Beyond a doubt, Google and Intel knew about this in June, 2017. Intel's CEO is being investigated for possibly selling stock after he knew.
And with the possible bad sides being talked about (hackers gaining access to systems, potential 50% slowdowns, etc.) damn straight it'll spur sales of new CPUs without the flaw.
It still wouldn't work well as a conspiracy, though.
First: companies are often told about security issues well in advance so that they can be disclosed only when a patch is ready, and they'd definitely want a lot of lead time for an issue like this -- it requires a fundamental change in how an OS behaves. Now, if Intel's CEO knew and sold stock in response, that's a problem, but telling the security team wouldn't be an issue.

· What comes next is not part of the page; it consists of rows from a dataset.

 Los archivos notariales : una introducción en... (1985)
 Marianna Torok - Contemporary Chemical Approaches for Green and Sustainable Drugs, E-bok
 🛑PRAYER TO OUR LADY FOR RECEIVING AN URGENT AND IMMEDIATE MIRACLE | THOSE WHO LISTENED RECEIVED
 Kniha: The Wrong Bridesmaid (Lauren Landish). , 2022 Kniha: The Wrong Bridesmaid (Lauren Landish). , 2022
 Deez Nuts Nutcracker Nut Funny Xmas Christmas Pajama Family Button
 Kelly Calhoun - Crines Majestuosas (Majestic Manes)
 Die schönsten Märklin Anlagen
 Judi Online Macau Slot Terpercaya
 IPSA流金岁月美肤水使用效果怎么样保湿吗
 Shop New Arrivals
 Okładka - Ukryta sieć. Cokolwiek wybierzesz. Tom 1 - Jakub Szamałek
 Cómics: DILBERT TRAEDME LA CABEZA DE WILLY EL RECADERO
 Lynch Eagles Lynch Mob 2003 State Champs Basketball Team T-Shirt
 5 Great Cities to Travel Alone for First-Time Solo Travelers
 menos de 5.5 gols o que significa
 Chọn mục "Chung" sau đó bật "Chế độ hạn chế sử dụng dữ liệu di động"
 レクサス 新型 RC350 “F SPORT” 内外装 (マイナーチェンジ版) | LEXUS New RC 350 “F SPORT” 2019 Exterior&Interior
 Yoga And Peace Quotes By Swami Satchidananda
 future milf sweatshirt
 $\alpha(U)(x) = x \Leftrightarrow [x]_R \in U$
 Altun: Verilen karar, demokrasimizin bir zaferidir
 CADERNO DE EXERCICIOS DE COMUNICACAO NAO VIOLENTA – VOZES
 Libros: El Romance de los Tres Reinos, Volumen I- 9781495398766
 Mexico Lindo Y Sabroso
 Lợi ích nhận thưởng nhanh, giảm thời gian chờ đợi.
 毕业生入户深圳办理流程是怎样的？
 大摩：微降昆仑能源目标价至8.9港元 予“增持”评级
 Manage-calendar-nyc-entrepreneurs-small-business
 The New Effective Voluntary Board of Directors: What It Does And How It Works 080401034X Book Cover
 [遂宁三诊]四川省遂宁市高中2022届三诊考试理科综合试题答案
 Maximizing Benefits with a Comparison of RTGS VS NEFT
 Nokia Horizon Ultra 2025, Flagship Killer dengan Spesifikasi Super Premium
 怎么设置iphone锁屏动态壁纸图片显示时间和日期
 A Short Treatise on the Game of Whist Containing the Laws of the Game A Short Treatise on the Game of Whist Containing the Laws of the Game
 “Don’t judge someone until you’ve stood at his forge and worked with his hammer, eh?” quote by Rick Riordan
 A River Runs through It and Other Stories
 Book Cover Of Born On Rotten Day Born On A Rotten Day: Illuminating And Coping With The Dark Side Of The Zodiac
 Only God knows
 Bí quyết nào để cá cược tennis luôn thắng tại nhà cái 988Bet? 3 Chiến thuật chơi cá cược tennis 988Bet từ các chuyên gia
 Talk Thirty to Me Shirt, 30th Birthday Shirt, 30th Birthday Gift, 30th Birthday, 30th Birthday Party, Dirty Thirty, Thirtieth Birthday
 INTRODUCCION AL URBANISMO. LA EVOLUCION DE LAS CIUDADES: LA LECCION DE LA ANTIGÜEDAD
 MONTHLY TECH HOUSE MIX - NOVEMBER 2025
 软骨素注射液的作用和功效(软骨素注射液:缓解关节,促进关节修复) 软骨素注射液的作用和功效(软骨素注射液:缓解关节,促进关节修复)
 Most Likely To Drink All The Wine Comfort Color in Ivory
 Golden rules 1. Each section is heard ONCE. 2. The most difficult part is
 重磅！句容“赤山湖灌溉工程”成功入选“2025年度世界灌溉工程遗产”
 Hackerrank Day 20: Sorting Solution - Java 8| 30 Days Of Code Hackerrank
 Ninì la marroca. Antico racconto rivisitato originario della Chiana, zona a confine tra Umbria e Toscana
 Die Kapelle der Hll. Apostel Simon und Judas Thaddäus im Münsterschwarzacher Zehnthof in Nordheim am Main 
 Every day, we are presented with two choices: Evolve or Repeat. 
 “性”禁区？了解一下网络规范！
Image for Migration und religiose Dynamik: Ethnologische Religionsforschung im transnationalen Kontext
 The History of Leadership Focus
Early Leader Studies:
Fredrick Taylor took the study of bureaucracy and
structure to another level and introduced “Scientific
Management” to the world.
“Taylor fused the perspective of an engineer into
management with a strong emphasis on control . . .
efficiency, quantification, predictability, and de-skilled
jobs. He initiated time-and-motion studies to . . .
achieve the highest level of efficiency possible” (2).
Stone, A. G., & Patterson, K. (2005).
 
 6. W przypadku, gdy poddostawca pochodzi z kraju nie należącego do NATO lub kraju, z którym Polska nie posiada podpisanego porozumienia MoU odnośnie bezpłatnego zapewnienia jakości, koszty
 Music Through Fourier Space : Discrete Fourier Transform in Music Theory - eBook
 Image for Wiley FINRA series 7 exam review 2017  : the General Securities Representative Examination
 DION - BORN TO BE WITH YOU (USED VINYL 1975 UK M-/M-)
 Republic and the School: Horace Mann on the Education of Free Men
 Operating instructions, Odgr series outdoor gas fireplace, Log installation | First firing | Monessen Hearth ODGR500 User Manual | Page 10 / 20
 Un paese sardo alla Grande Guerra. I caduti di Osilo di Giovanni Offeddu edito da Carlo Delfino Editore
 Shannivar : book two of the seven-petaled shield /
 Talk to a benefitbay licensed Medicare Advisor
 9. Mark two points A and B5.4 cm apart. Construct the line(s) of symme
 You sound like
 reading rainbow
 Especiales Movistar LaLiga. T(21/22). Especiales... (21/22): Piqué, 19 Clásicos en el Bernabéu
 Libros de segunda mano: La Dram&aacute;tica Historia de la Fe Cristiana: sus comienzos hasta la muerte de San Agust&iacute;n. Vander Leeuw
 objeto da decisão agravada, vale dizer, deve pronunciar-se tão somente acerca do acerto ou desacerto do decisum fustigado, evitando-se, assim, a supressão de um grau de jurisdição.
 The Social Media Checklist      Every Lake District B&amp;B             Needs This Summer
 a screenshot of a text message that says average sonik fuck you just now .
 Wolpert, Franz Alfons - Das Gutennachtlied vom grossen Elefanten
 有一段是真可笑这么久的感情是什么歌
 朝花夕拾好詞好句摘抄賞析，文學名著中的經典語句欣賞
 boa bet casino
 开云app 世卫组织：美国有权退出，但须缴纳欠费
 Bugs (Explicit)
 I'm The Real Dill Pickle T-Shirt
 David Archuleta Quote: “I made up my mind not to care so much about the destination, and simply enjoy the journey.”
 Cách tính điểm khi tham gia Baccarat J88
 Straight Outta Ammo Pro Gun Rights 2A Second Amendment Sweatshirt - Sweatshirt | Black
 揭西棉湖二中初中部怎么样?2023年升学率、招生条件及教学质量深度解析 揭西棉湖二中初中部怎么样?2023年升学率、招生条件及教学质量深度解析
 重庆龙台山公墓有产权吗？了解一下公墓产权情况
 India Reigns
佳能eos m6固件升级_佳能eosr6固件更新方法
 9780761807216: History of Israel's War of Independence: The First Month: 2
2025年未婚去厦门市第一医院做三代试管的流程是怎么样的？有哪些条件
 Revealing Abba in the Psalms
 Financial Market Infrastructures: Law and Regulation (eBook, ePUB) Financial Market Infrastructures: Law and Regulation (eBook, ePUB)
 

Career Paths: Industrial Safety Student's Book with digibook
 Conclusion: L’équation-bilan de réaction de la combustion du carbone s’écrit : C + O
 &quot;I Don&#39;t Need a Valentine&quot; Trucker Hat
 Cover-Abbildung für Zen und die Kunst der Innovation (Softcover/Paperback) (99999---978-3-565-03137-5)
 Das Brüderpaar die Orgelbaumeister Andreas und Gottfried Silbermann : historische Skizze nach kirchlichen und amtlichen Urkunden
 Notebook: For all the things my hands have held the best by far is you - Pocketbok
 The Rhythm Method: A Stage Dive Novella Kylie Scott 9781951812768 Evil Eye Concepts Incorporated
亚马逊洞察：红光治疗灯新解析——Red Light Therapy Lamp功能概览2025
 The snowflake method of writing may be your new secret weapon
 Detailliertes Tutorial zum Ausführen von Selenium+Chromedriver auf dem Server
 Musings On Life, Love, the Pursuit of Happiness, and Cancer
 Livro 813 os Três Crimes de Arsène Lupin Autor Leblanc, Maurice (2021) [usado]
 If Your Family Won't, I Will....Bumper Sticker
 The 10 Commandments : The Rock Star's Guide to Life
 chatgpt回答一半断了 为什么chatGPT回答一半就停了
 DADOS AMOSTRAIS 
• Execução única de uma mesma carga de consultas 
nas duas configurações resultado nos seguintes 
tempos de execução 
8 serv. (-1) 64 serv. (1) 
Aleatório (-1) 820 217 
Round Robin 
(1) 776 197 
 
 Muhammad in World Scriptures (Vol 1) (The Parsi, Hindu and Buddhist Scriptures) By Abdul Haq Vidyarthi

As for the timing of the disclosure itself... that'd be pretty lousy, too. If they really wanted to boost sales, they'd have disclosed in time for their holiday releases, not
after the holiday when spending is always at its lowest and new products are months away from shipping. Any uptick would be muted at best. And don't forget, most companies are several months or more away from shipping new chips that would be immune to the flaws.
Basically: if this was somehow a vast conspiracy between every major OS and chip vendor (not to mention Linux distribution coders who will make zero profit), it'd have terrible execution.